▶ _Task prompt_
A word-for-word copy of the following listing is needed. Leave out its images.
§
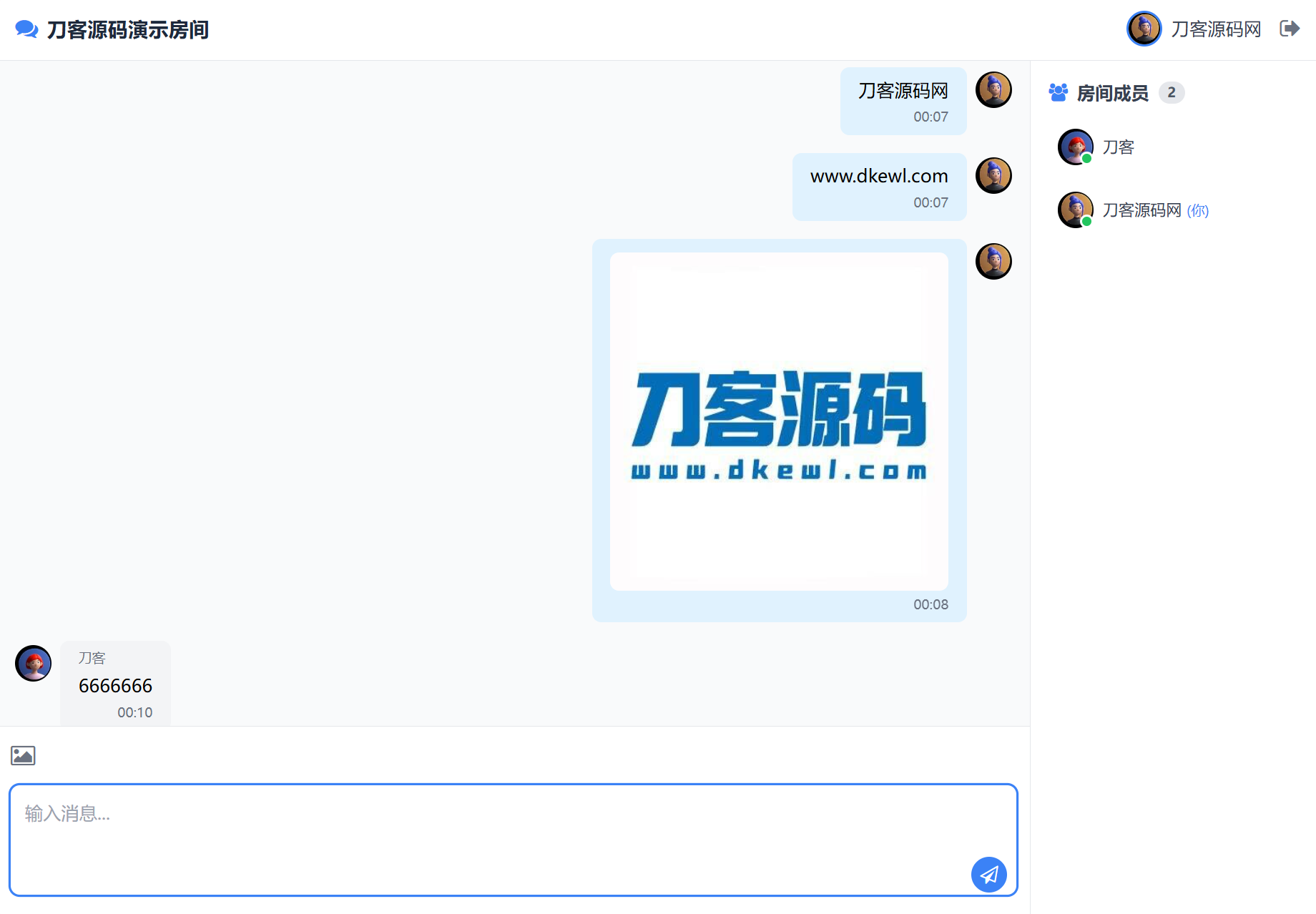 最新PHP在线聊天室系统源码 支持群聊/房间锁 自适应双端-星宇博客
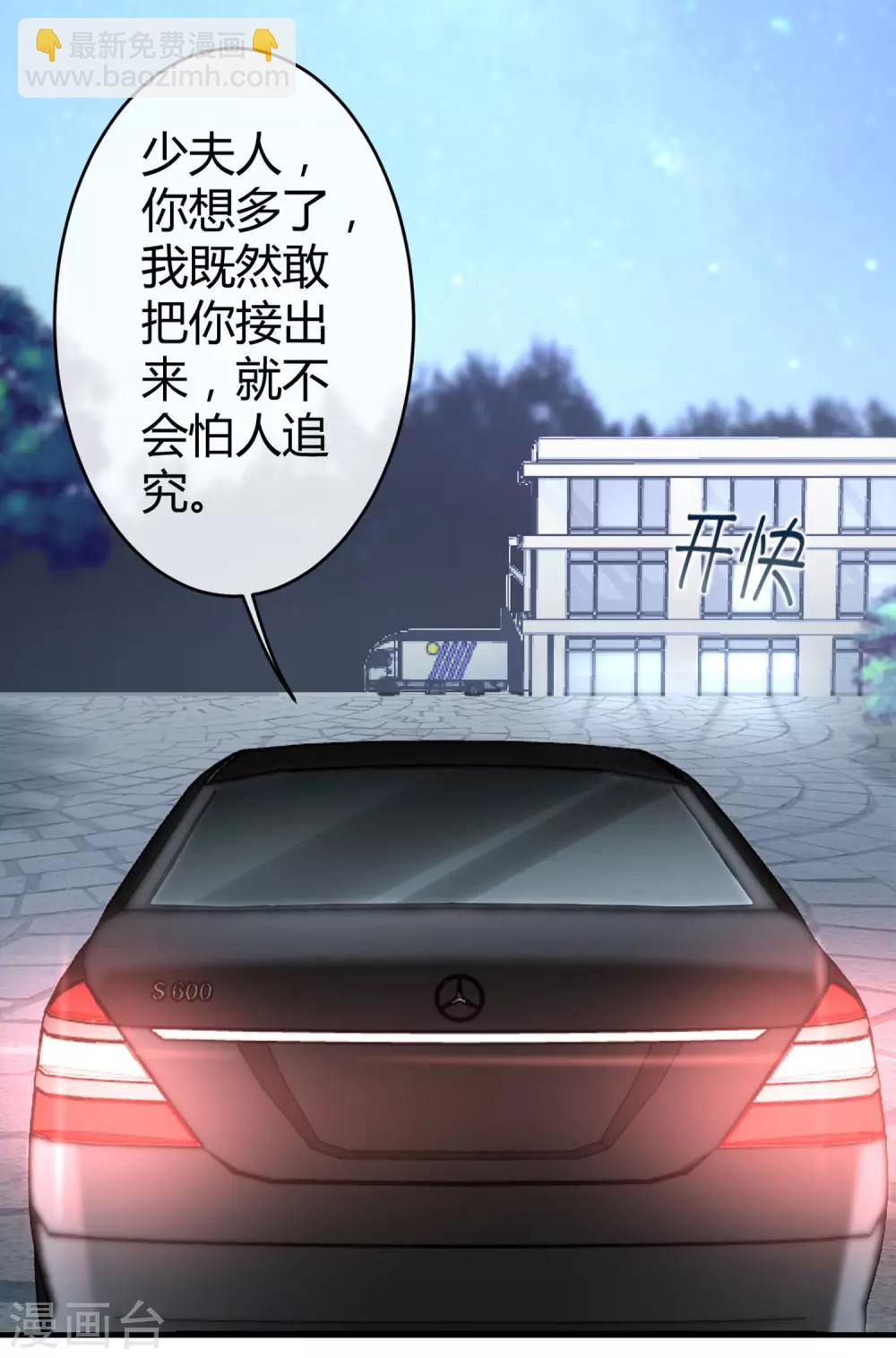第30话 娆娆出事儿了！-第38话
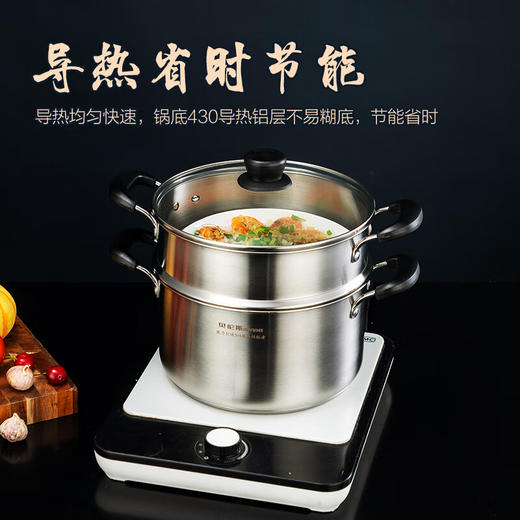 贝伦斯304不锈钢汤锅复底加厚家用双层蒸锅 22cm欧式汤蒸锅 商品图2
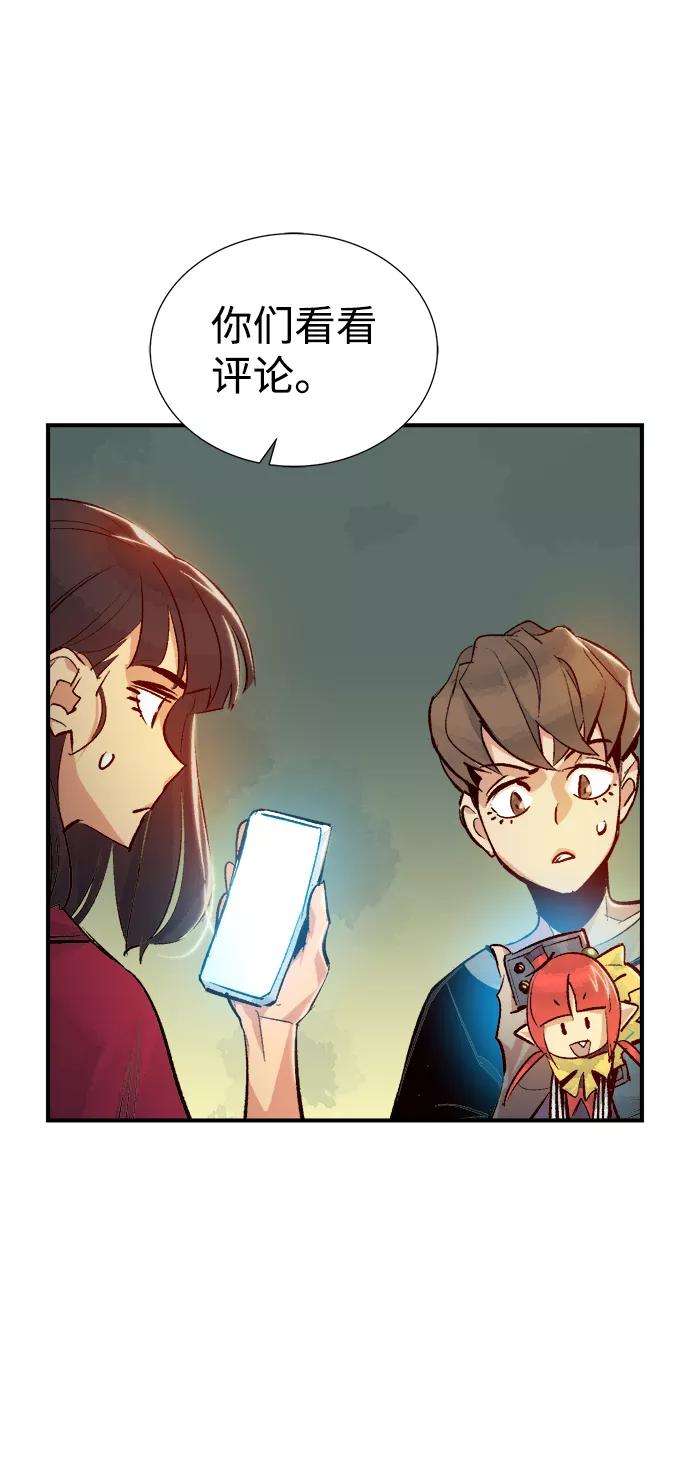 死灵法师：亡灵支配者第18话 W市F区的安全区域 1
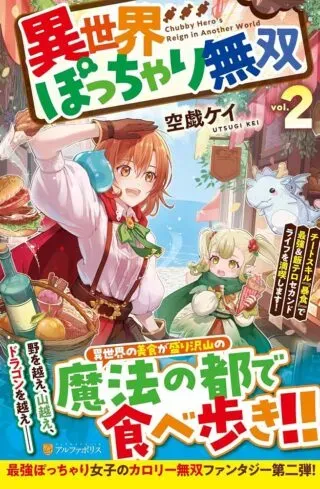 Isekai Pocchari Cheat Skill Boushoku de Saikyou to Meshitero Second Life wo Mankitsu shimasu!の漫画表紙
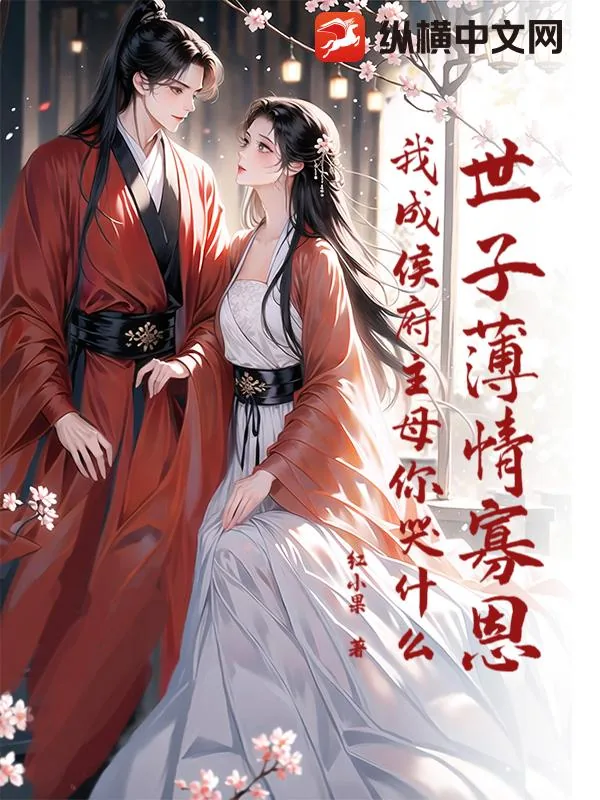 《世子薄情寡恩，我成侯府主母你哭什么？》小说封面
§
▶ _Answer space_
 最新PHP在线聊天室系统源码 支持群聊/房间锁 自适应双端-星宇博客
第30话 娆娆出事儿了！-第38话
 贝伦斯304不锈钢汤锅复底加厚家用双层蒸锅 22cm欧式汤蒸锅 商品图2
 死灵法师：亡灵支配者第18话 W市F区的安全区域 1
 Isekai Pocchari Cheat Skill Boushoku de Saikyou to Meshitero Second Life wo Mankitsu shimasu!の漫画表紙
 《世子薄情寡恩，我成侯府主母你哭什么？》小说封面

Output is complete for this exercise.